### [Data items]
════════════════════

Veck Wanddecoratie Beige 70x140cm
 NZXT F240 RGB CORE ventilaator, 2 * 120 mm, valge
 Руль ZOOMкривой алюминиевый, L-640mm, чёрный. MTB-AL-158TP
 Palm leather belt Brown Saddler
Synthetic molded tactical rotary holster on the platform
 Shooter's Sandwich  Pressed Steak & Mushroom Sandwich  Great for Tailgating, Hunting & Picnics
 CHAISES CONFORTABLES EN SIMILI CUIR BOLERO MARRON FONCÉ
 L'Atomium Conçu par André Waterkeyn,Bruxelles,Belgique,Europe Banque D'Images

════════════════════

### [Aim of the exercise]
Only one stretch of the entries above is wanted: the lines from the one containing "NZXT F240 RGB" through the one containing "CHAISES CONFORTABLES EN". Please reproduce it exactly.

### [Output of the exercise]
 NZXT F240 RGB CORE ventilaator, 2 * 120 mm, valge
 Руль ZOOMкривой алюминиевый, L-640mm, чёрный. MTB-AL-158TP
 Palm leather belt Brown Saddler
Synthetic molded tactical rotary holster on the platform
 Shooter's Sandwich  Pressed Steak & Mushroom Sandwich  Great for Tailgating, Hunting & Picnics
 CHAISES CONFORTABLES EN SIMILI CUIR BOLERO MARRON FONCÉ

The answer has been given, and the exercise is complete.